Third, you state that I "failed to check key components of the First AME proposal." The same day as our interview I forwarded you a detailed 8 page report I prepared on August 24, 2010, detailing the Selection Committee's evaluation of the proposals. Your article contains none of the information from that analysis, which critsized a number of aspects of the First AME proposal.
Fourth, you state the Times did check the First AME proposal, stating: "But The Times did. For one: The church claimed in its bid that it had a "verbal agreement" with Seattle's parks and recreation department for "youth activities." In fact this point was covered by my evaluation. The review I wrote on August 24 specifically rejected this claim. The August 24 review states: "FAME also takes credit for assumed rental by Parks of rooms 136 and 137, totaling about 1,800 SF. Since these are classrooms, it is not apparent why Parks would rent them. Also see room 131, which they claim will be for an unspecified youth activity." The report goes on to conclude "The total square footage of the rooms with questionable support for youth activities is over 4,500 SF, which could reduce the support amount by over $27,000."

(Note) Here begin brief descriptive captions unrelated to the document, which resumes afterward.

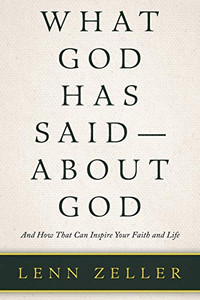 What God Has Said-About God : And How That Can Inspire Your Faith and Life What God Has Said-About God : And How That Can Inspire Your Faith and Life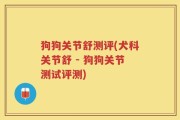 狗狗关节舒测评(犬科关节舒 - 狗狗关节测试评测)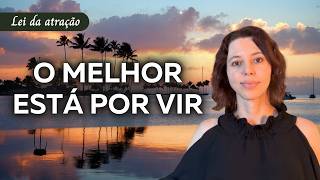 O melhor está por vir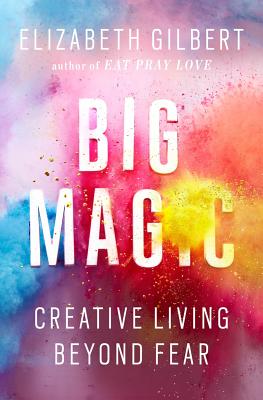 Big Magic: Creative Living Beyond Fear - Elizabeth Gilbert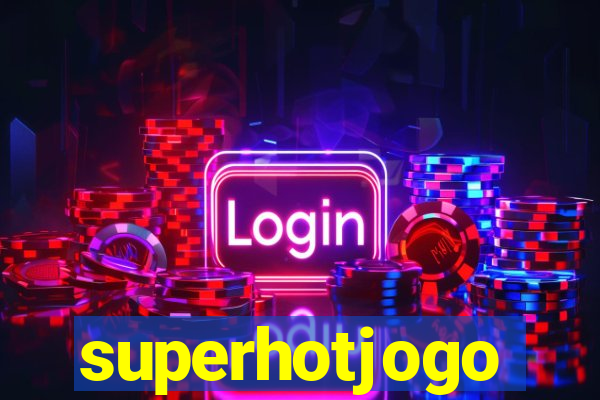 superhotjogo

In conclusion, you state that "The district staff changed the way it handled and evaluated offers for the building, which pushed the church's proposal to the head of the pack." that we "held the two groups to different standards" However, both of the examples you give are invalid. A review of the August 24 analysis proves the same standards were applided throughout. Both offers were evaluated on the same basis, in accordance with School Board policy, and the results were presented to the School Board for decision. I provided you with the actual documents presented to the School Board.
During our interview, you stated that you had information that First AME's actual use was different than represented to the District. I asked what it was, and made it clear that if this were the case, the District would seek to apply the penalty clause of our contract. You declined to tell me either your source or the information you had. The statement in your article that I said "it would not have made a difference" is deliberately misleading. I stated that while the sale is final and cannot be reversed, but there are protections included in the contract for the public and I asked you to provide me your information. You did not do so.
Finally, you called me to fact check the article while I was on vacation and after receiving my response, you sent me an email that you would call me the following Tuesday (May 30). Yet you did not call that day, even though you had both my business phone and personal cell phone numbers.
I request a retraction and correction, with equal prominence, in the next newspaper edition. Please also provide me a copy of the tape of our interview of May 16.